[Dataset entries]
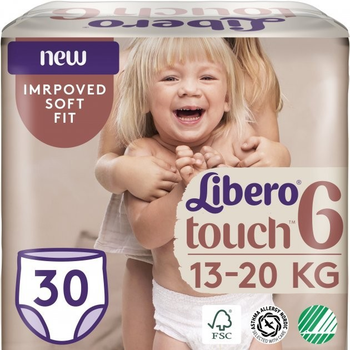 Підгузки-трусики Libero Ліберо Touch 6 13-20 кг 30 шт. одноразові (7322541092201)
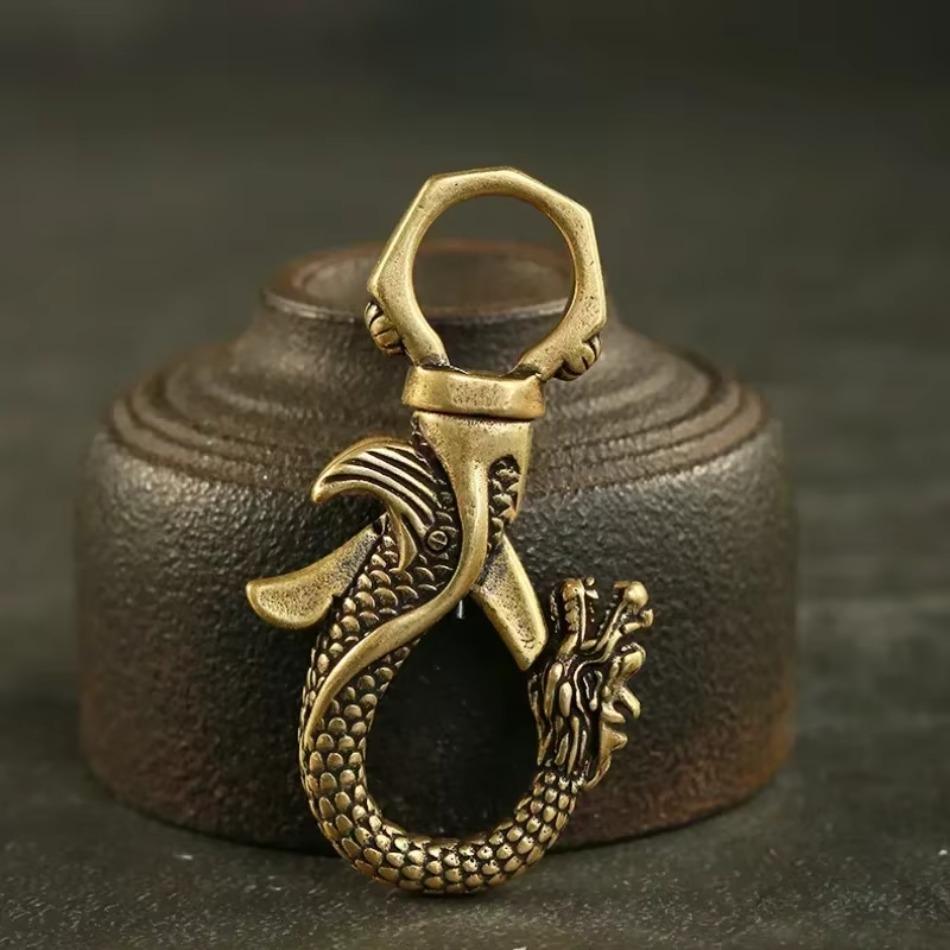 1Pcs Phoenix Buckle Brass Creative Eagle Buckle Keychain Waist Hanging Chain Pendant Personalized Retro Gift Chinese Style Brass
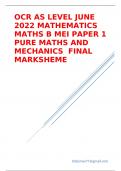 OCR AS LEVEL JUNE 2022 MATHEMATICS MATHS B MEI PAPER 1 PURE MATHS AND MECHANICS  FINAL MARKSHEME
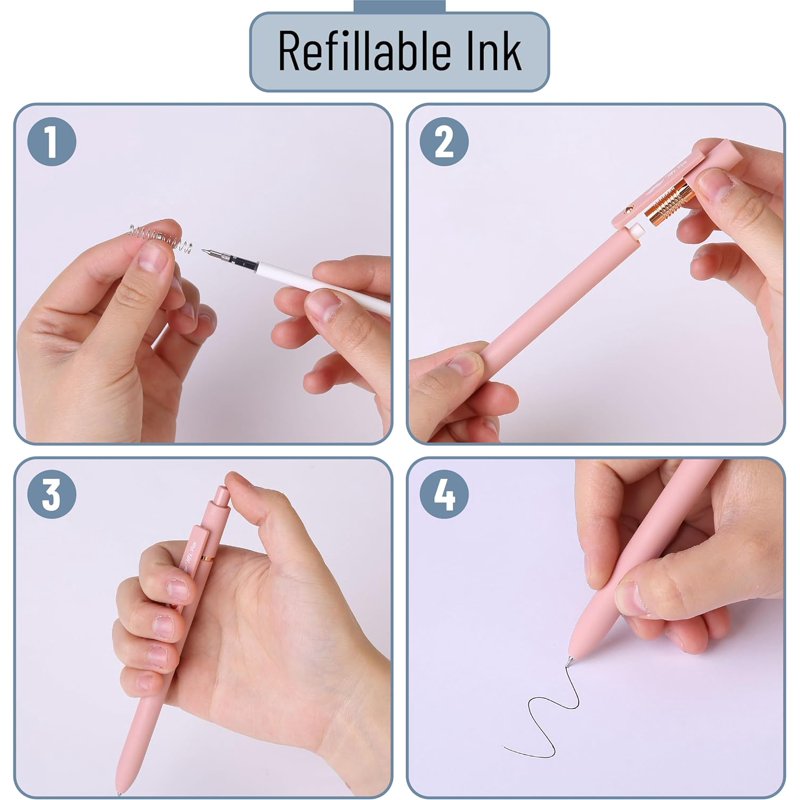 Retractable Gel Pens Set - 6 Morandi Barrel Colors, Smooth Black Ink
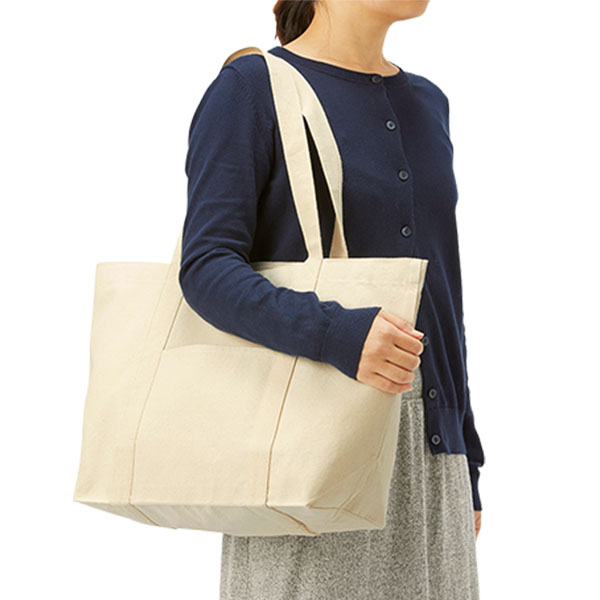 キャンバスビッグトート 仕切りポケット付 ナチュラル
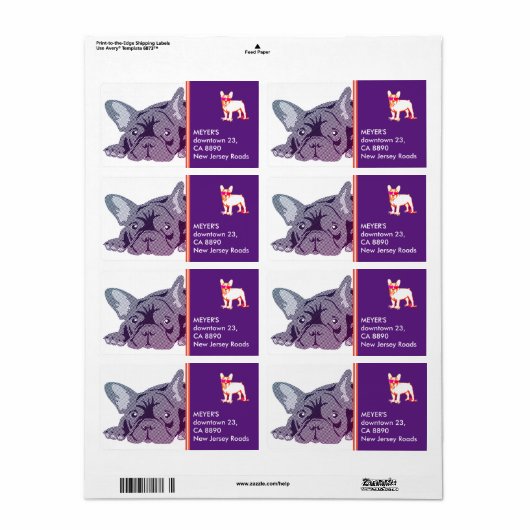 Étiquette Bouledogue français violet de lignes (Feuille entière)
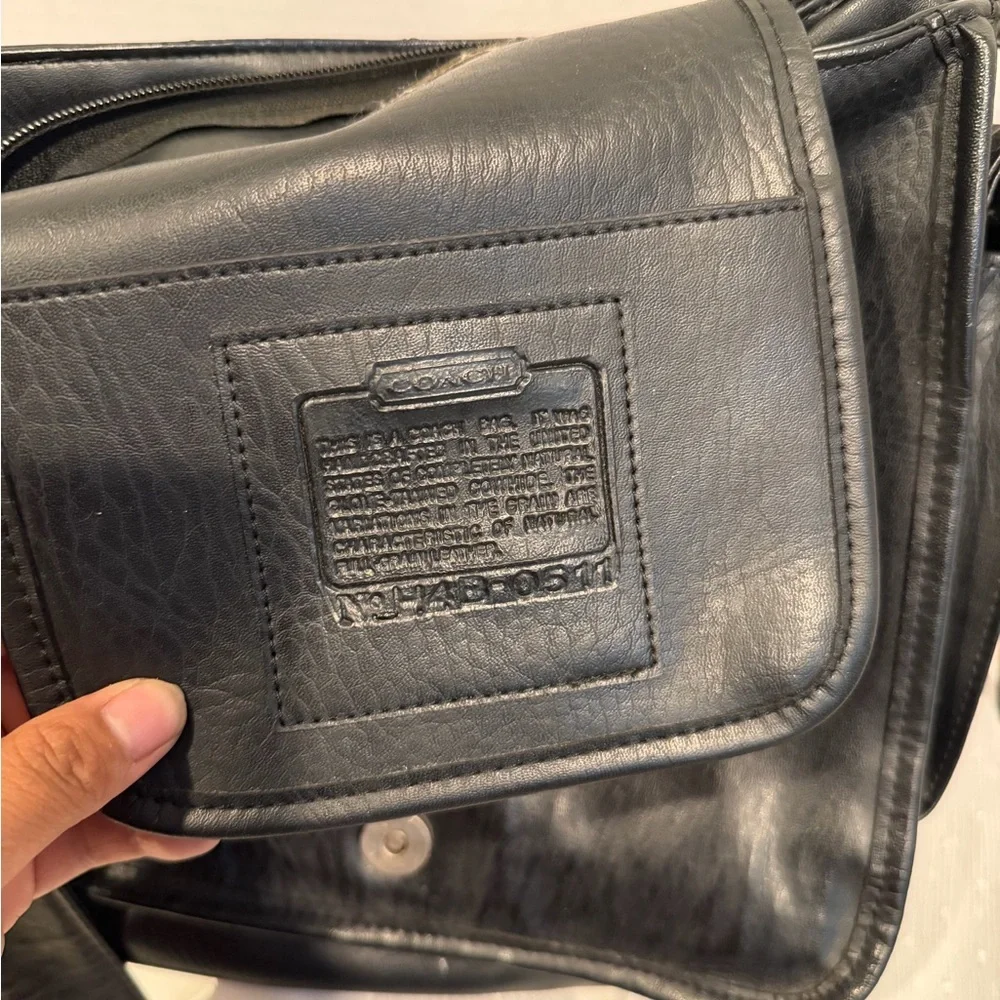 Coach Black Leather Messenger Bag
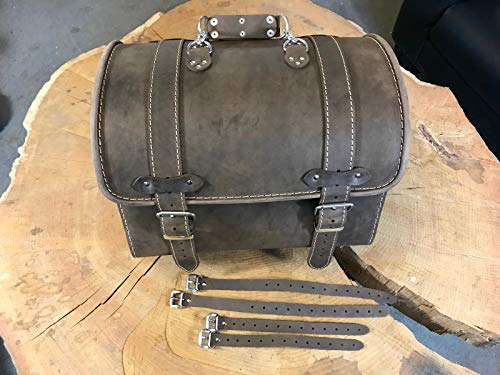 ORLETANOS Loki Brown Gepäckkoffer kompatibel mit Roller Sissybar Tasche Leder HD Harley Davidson Yamaha Suzuki Honda Kawasaki Chopper Gepäck Werkzeugtasche Case Topcase Koffer Satteltaschen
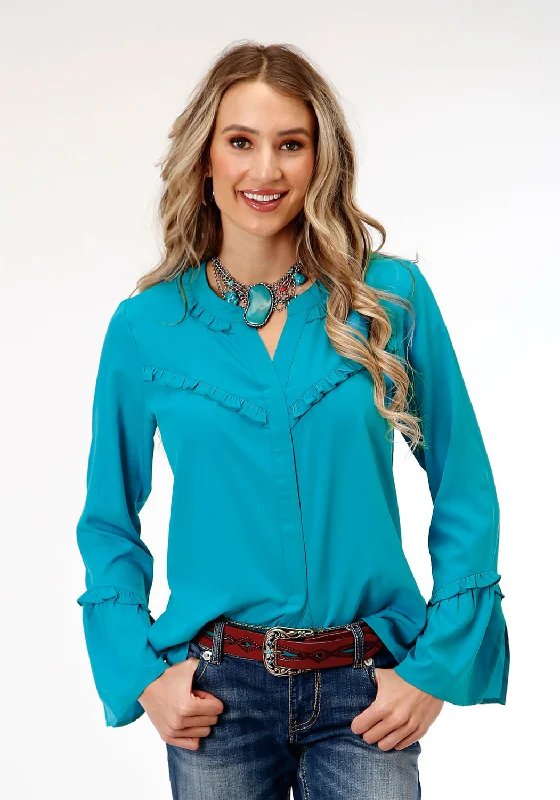 Roper Womens Dark Turquoise Ruffle Blue Polyester L/S Blouse Chic Women's Clothing for Work and Travel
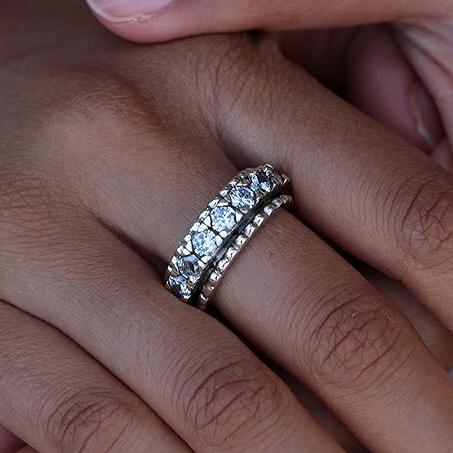 BLING BLING 925 Silver Spinner Ring Large Cubic Zirconia Encased Silver Band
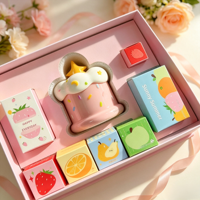 Ensemble de bougies aromatiques en céramique en forme de gâteau, cristaux, huiles essentielles, faites à la main, respectueuses de l'environnement, longue durée, Diwali, maison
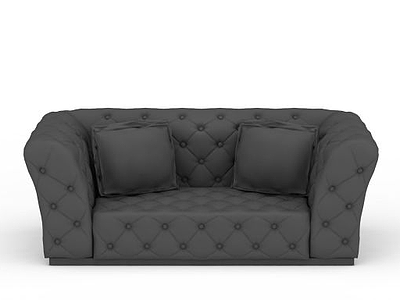 3d布艺铆钉沙发模型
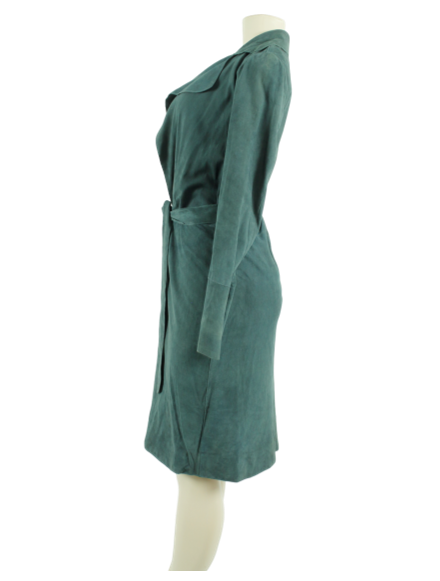 Free People Lambskin Suede Knee-Length Coat - eKlozet Luxury Consignment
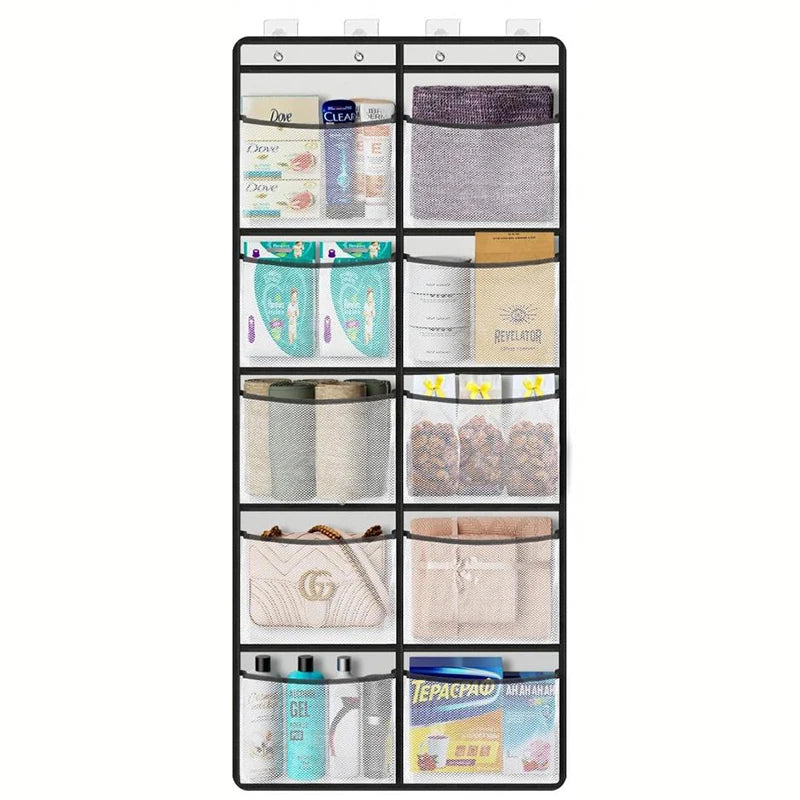 Tür-Hängeorganizer Storiva PocketMax | Mit 5 großen Fächern | Hängeregal für Tür & Schrank | Grau | Platzsparende Aufbewahrung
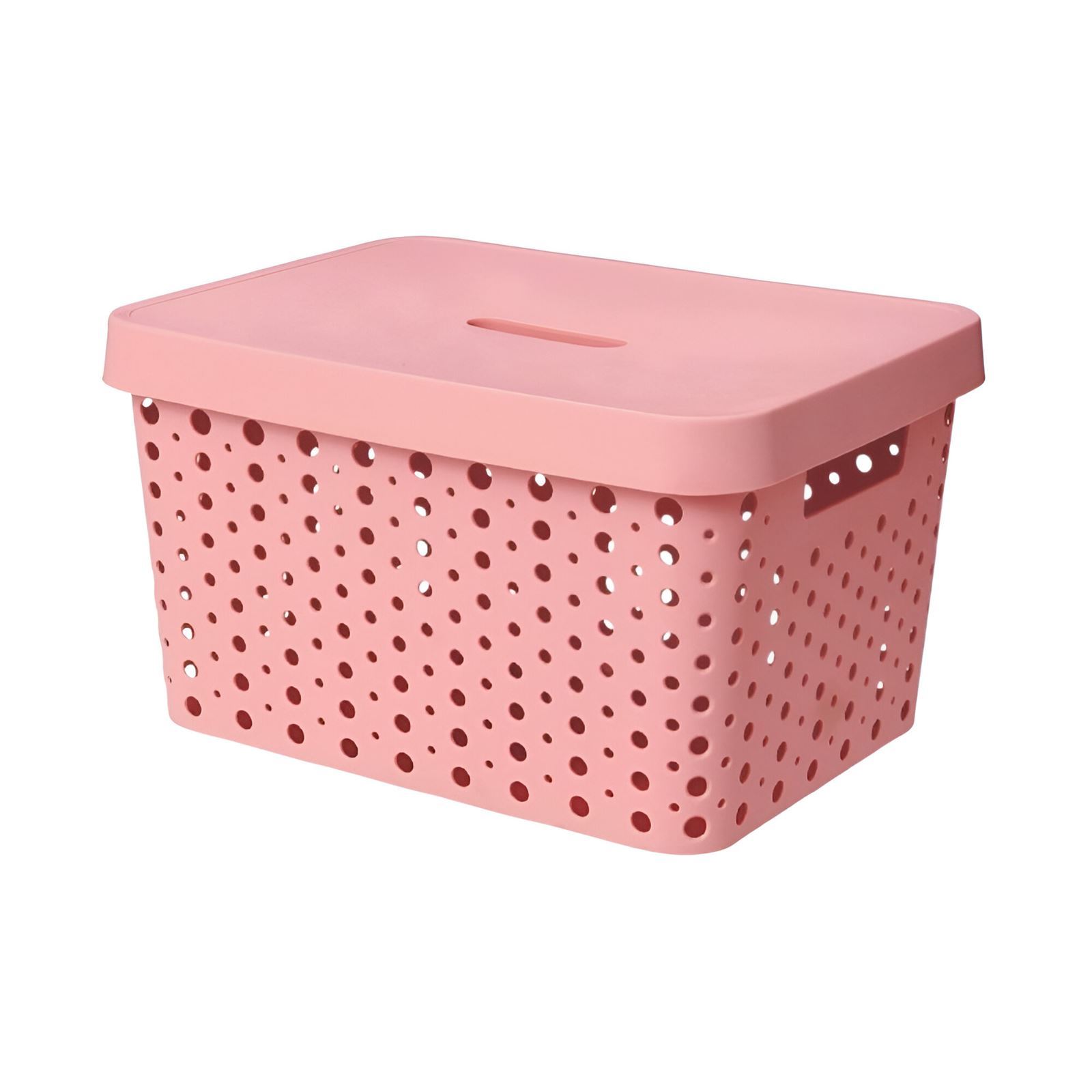Caixa Organizadora com Tampa Usual Plastic 17 Litros - Rosé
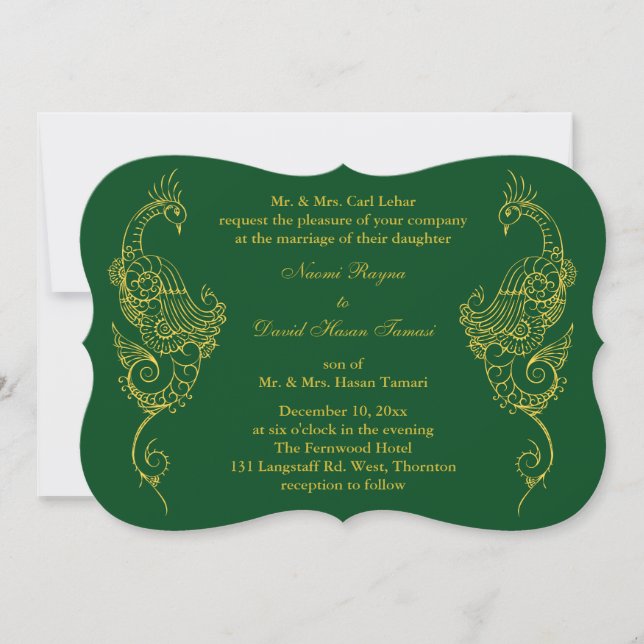 Elegant Mehndi Peacock Wedding Einladung - Grün (Vorderseite)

### Your objective
Whatever lies between the first line of the data and the line holding "BLING BLING 925", inclusive, should be repeated exactly, apart from the pictures.

### The completed task
 Підгузки-трусики Libero Ліберо Touch 6 13-20 кг 30 шт. одноразові (7322541092201)
 1Pcs Phoenix Buckle Brass Creative Eagle Buckle Keychain Waist Hanging Chain Pendant Personalized Retro Gift Chinese Style Brass
 OCR AS LEVEL JUNE 2022 MATHEMATICS MATHS B MEI PAPER 1 PURE MATHS AND MECHANICS  FINAL MARKSHEME
 Retractable Gel Pens Set - 6 Morandi Barrel Colors, Smooth Black Ink
 キャンバスビッグトート 仕切りポケット付 ナチュラル
 Étiquette Bouledogue français violet de lignes (Feuille entière)
 Coach Black Leather Messenger Bag
 ORLETANOS Loki Brown Gepäckkoffer kompatibel mit Roller Sissybar Tasche Leder HD Harley Davidson Yamaha Suzuki Honda Kawasaki Chopper Gepäck Werkzeugtasche Case Topcase Koffer Satteltaschen
 Roper Womens Dark Turquoise Ruffle Blue Polyester L/S Blouse Chic Women's Clothing for Work and Travel
 BLING BLING 925 Silver Spinner Ring Large Cubic Zirconia Encased Silver Band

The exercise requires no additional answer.